SWINDON Council wants to spend £900,000 on fitting solar panels to large town buildings.

Five council-connected buildings would have the sun-collecting cells installed on their roofs in a bid to save thousands of pounds every year.

If the cabinet decides to adopt the proposals tomorrow, it could save an estimated £12,696 every year in electricity bills, and would let the council export £3,555-worth of power into the National Grid.

And it would just be the start – one day all public buildings could be fitted with the photovoltaic technology.

Leading the drive is Coun Peter Greenhalgh (Con, Freshbrook and Grange Park), who is in charge of energy conservation at the council.

“This is one of our many steps down the road to improving the council’s sustainability, looking at how we can use natural resources in a non-destructive fashion to benefit society in Swindon,” he said.

Asked if the dream was to one day install the panels on every public building he said: “Potentially that’s the case, but not just every public building.

“Look at some large warehouse schemes in Swindon – there’s no reason why we can’t have PV cells on those roofs.

“Large industrial units used by BMW and Honda are a natural fit.”

Coun Greenhalgh said he does not expect a barrage of objections from residents because the technology is unobtrusive, and that they had not done it sooner because they were waiting for the technology to mature.

All the annual repayments of the £900,000 loan would be covered the Feed-In Tariff, a Government subsidy made available to councils which install the technology.

Andy Parsons, 48, the co-chairman of the Swindon Climate Action Network, welcomed the move, but said much, much more needs to be done.

He said: “Small scale solar power isn’t going to solve the problem of climate change. We need a lot more action.

“My view is the climate crisis is so grave that anything and everything we can do, we must – that includes solar, but also on-shore wind and offshore wind.
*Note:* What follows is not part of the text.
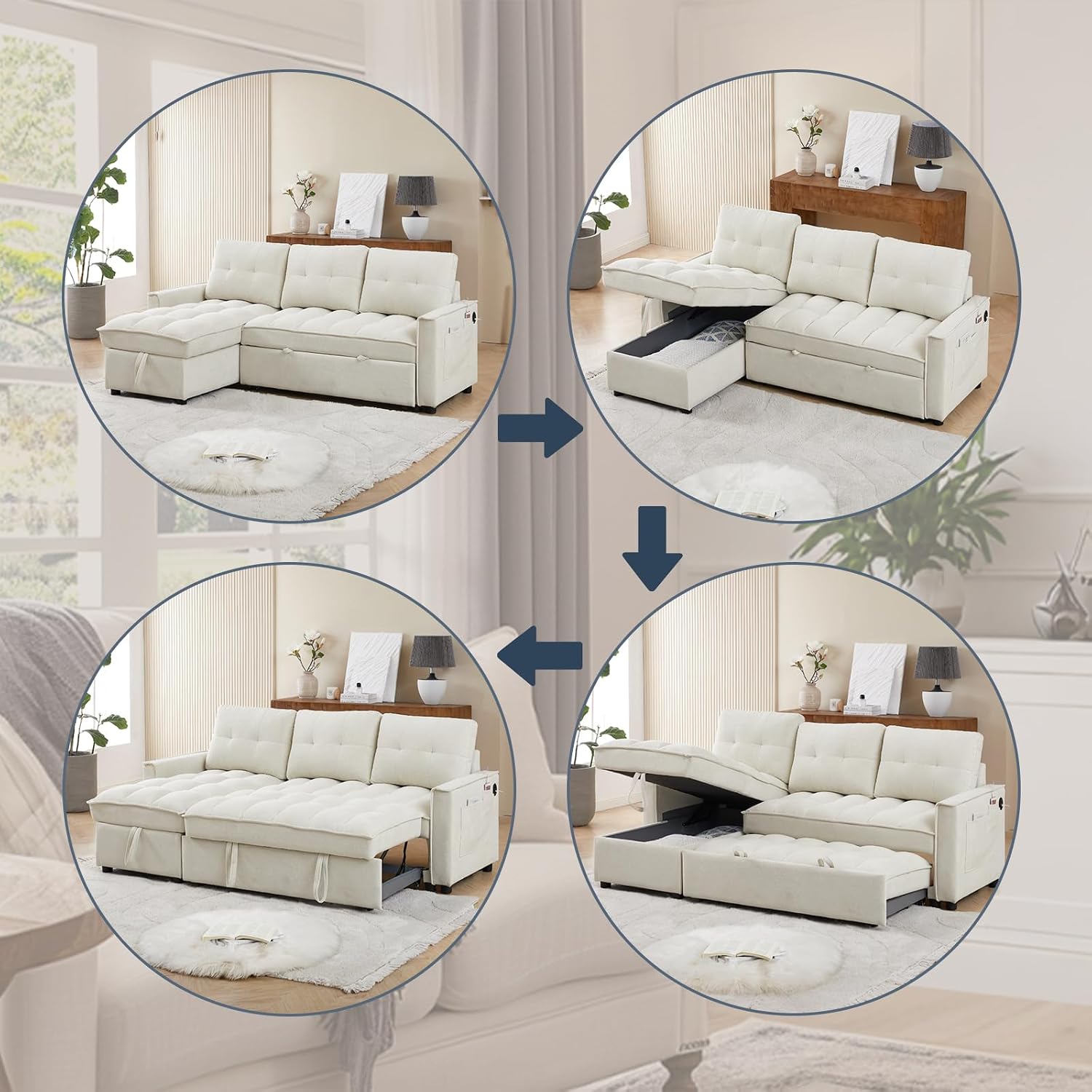 78.75' Sleeper Sofa Couch,Modern L-Shaped Couches, Pull Out Couch with USB Ports&Side Pocket,Sleeper Sectional Sofa for Living Room Apartment,Chenille(Beige)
“Anything in our armoury to cut down on burning fossil fuels must be used.”

He said if the council really wants to make good its commitment on sustainability, it should approve any schemes for wind turbines or other renewable technology that comes its way.

“I’d have one in my back garden if they wanted to put one here,” he said.

The buildings which are earmarked for solar panels are the Civic Offices, Thamesdown Transport Depot (the company is an offshoot of the council), Swindon Commercial Services’s two depots, and Catherine Wayte Primary School, in Abbey Meads.

The cabinet meeting takes place at the Civic Offices, in Euclid Street, at 6pm on Wednesday.